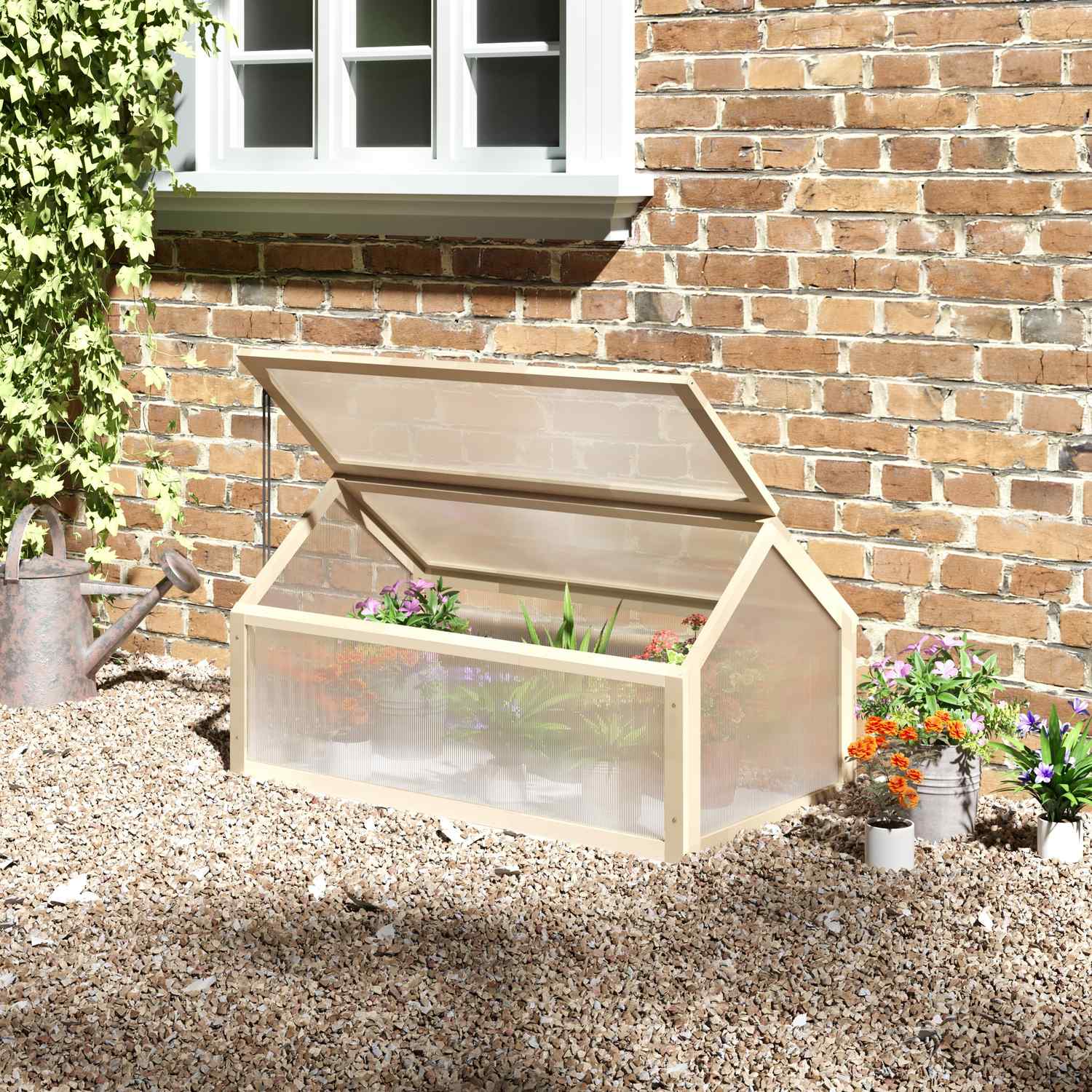 Mini drivhuskasse i tre – vintertett, 90 x 52 x 49,5 cm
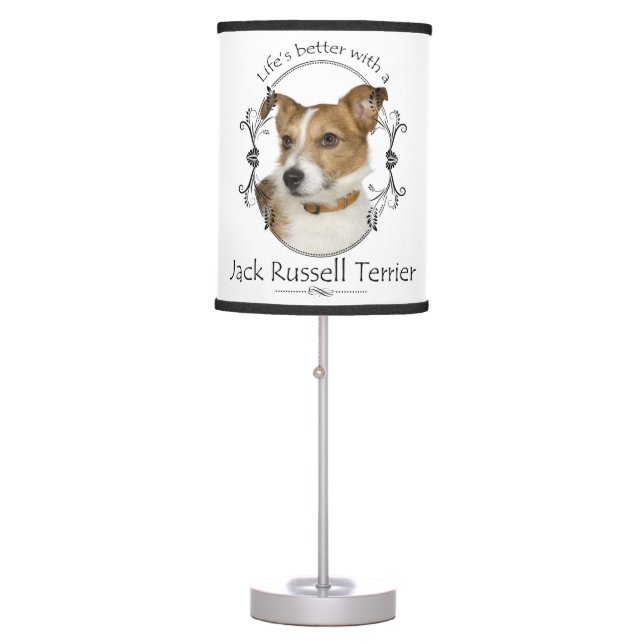 Life's Better Jack Russell Table Lamp (Front)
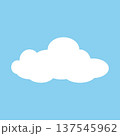 Silhouette of a flat cloud on a blue background. 137545962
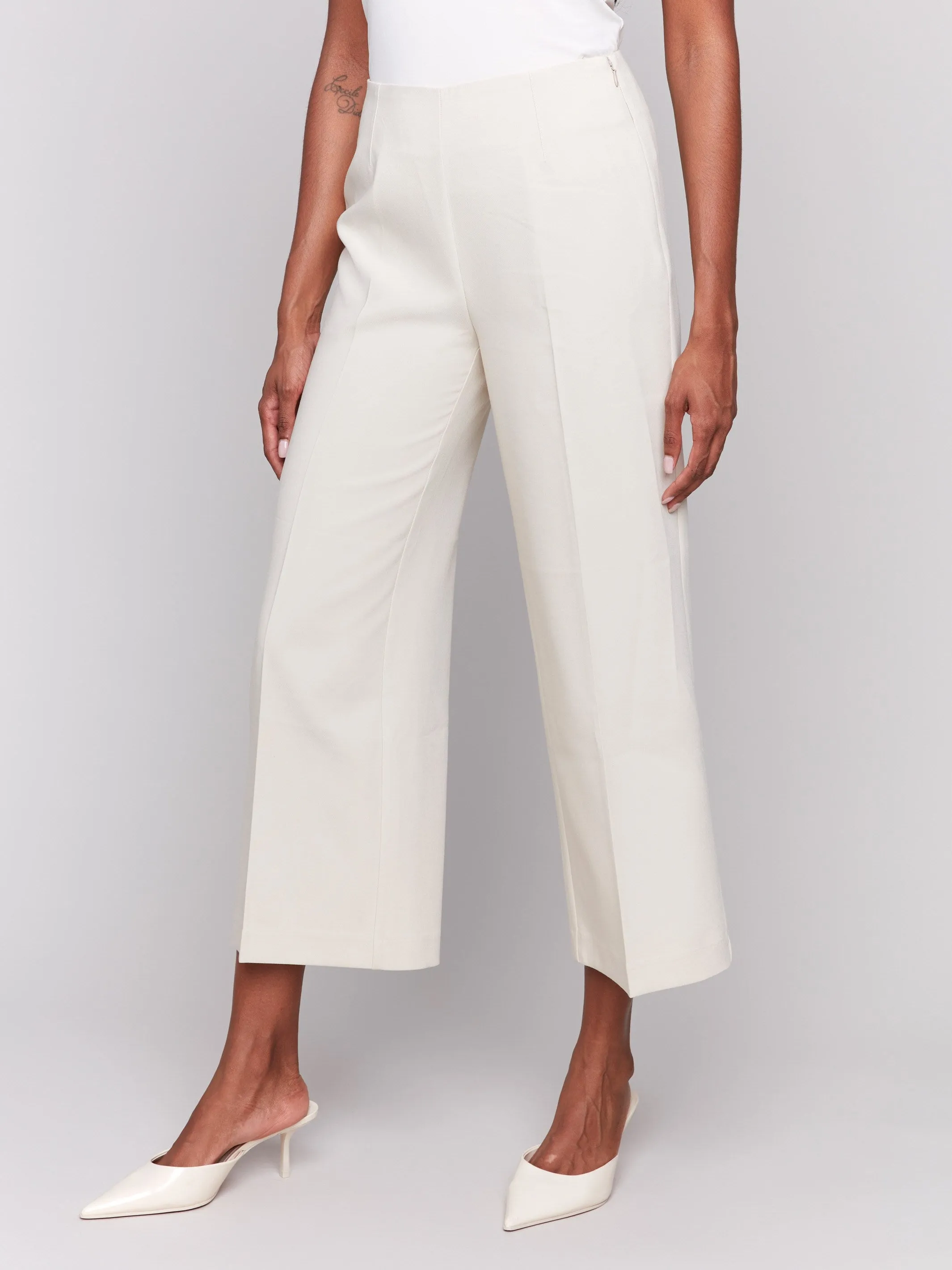 Cropped Wide Leg Pants - Beige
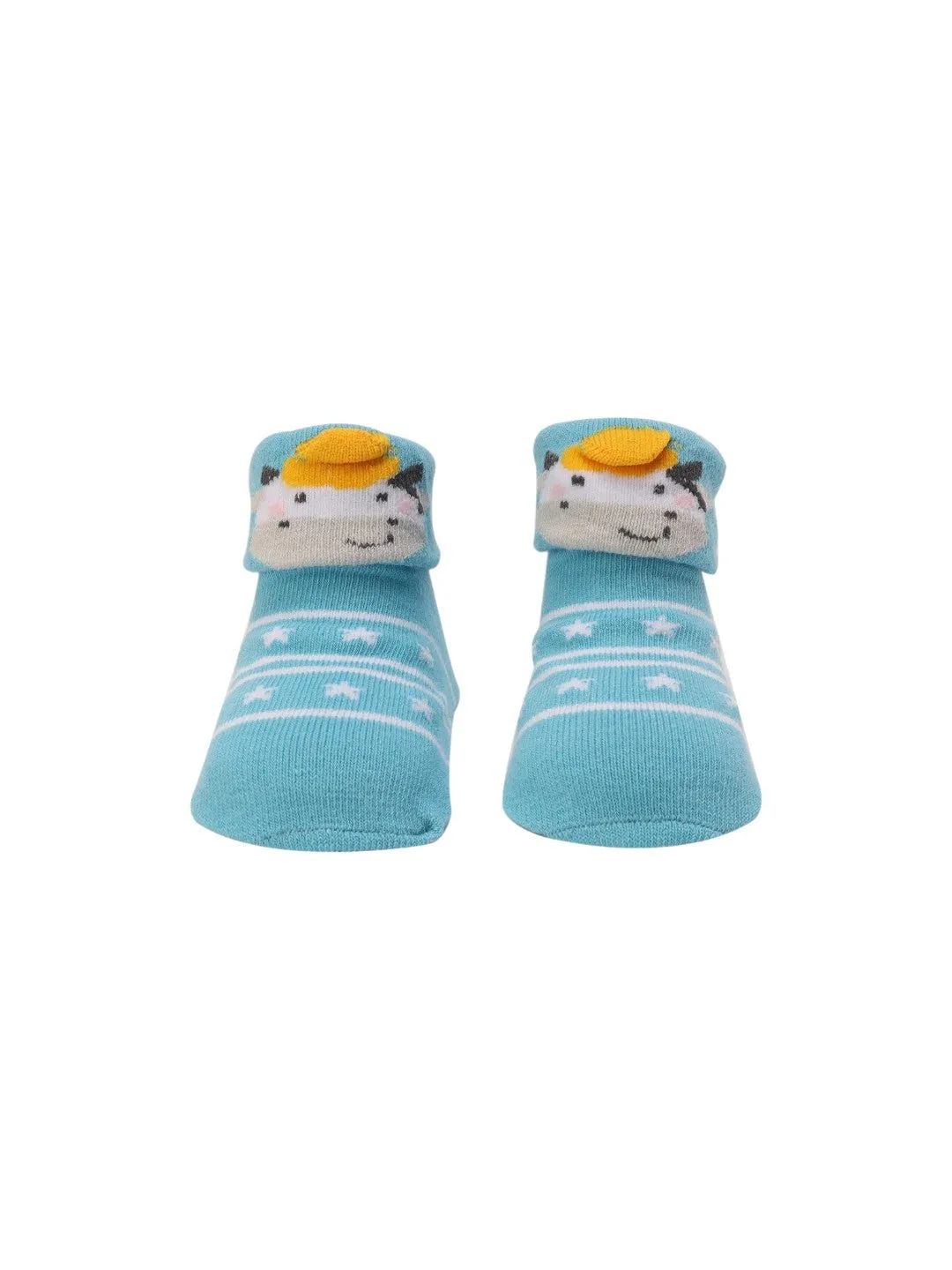 Aqua Blue Baby Booties with 3D Cow Design and Star Pattern – Cozy and Adorable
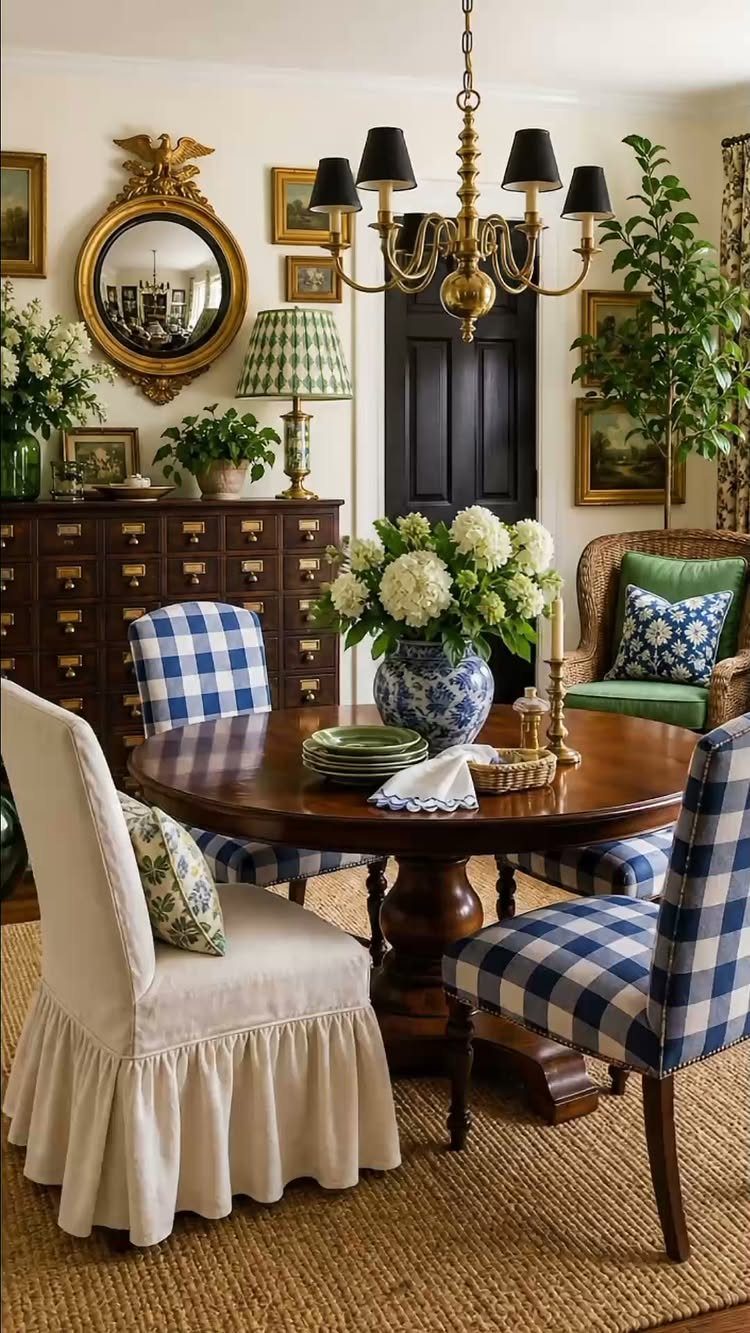 Mismatched Chairs Dining Table: 12 Ideas for a Cohesive Look 2 Round wooden dining table with blue checkered chairs and a white slipcovered chair.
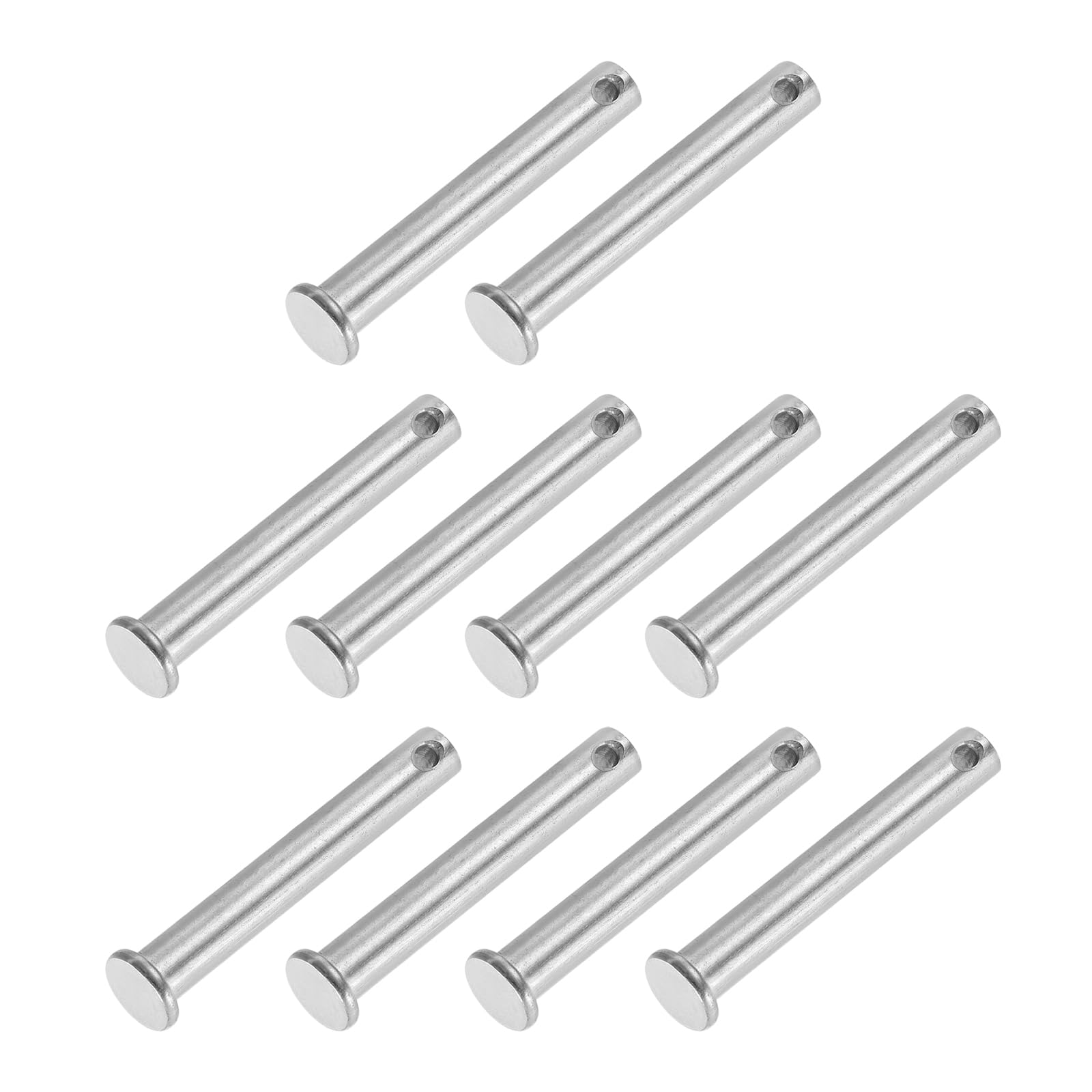 PATIKIL 8 x 55 Mm Single Hole Clevis Pins, 10 Pcs 304 Stainless Steel Flat Head Pin for Hitch Pin Lock Link Hinge Systems Silver
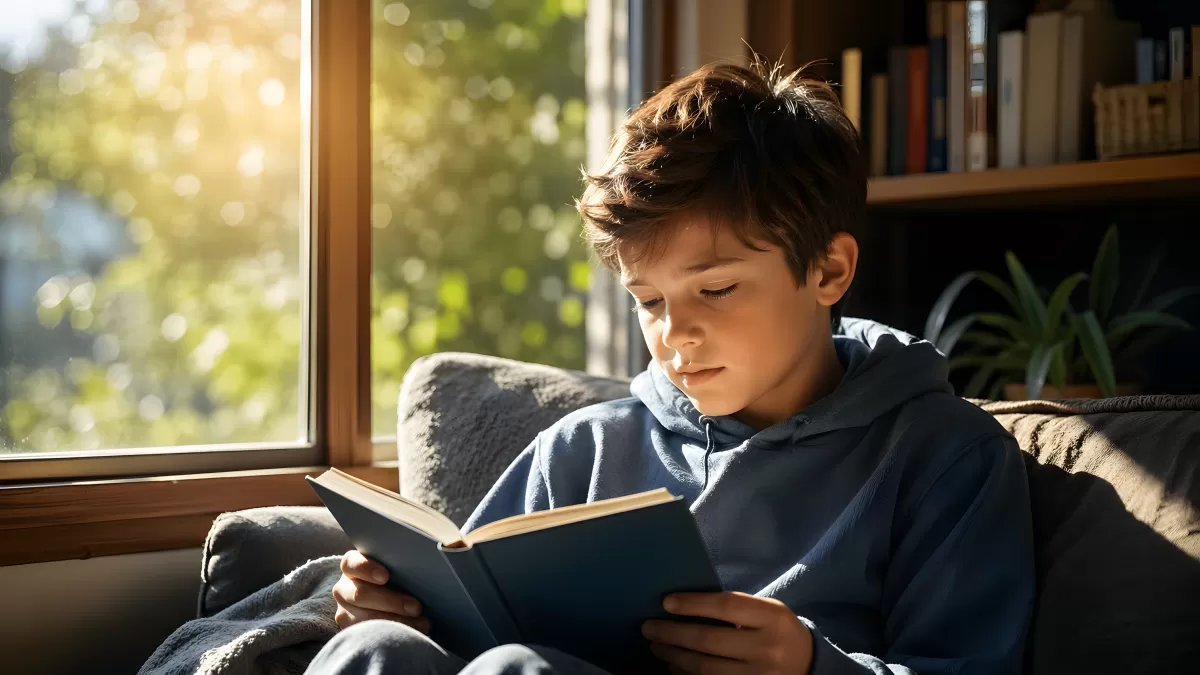 Junge liest konzentriert ein Buch am Fenster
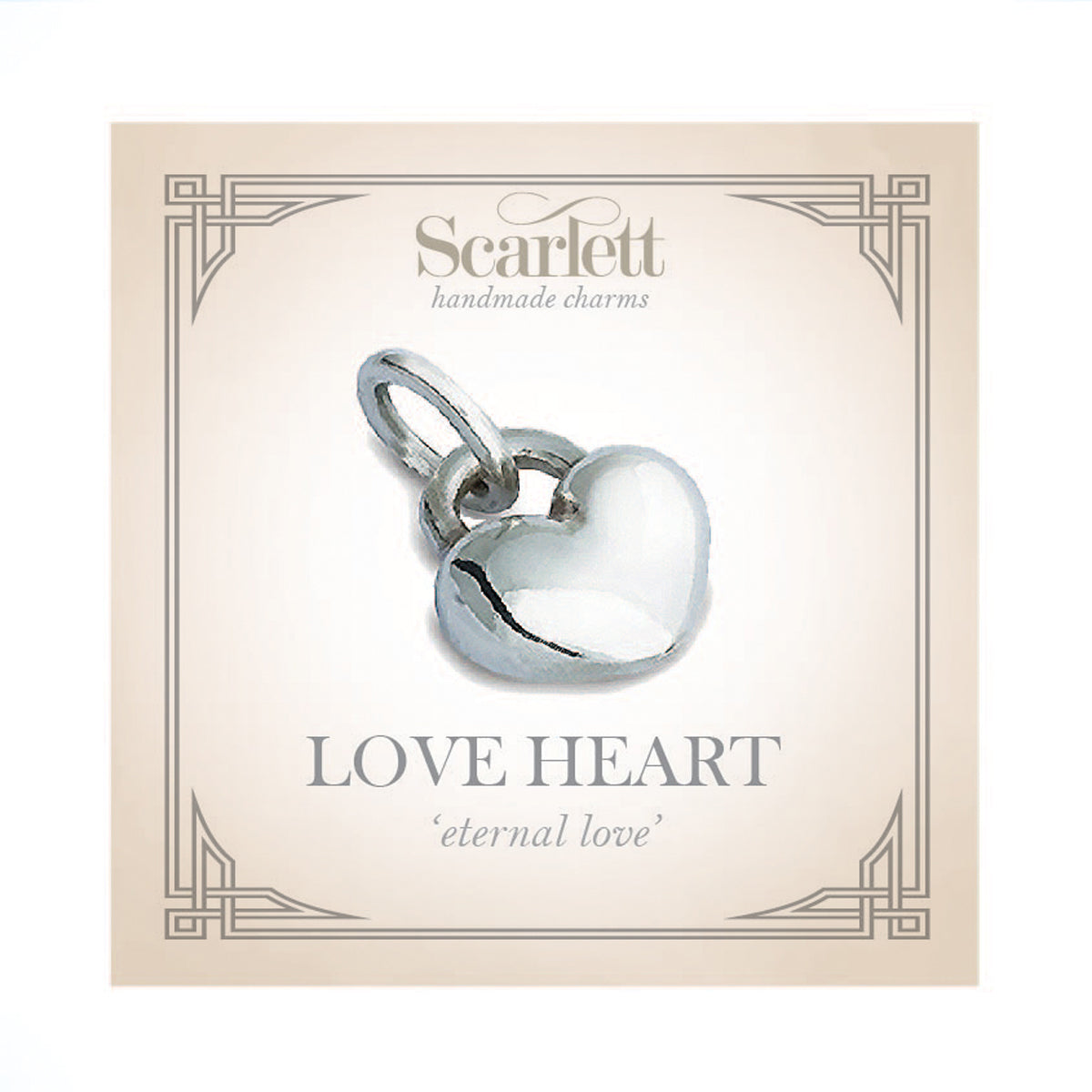 Solid gold love heart bracelet charm Scarlett Jewellery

***

◆ **Exercise prompt**
Nothing should be printed except the lines from the one with "PATIKIL 8 x" through the last line of the listing above, both ends included; please drop the pictures.

◆ **Written solution**
 PATIKIL 8 x 55 Mm Single Hole Clevis Pins, 10 Pcs 304 Stainless Steel Flat Head Pin for Hitch Pin Lock Link Hinge Systems Silver
 Junge liest konzentriert ein Buch am Fenster
 Solid gold love heart bracelet charm Scarlett Jewellery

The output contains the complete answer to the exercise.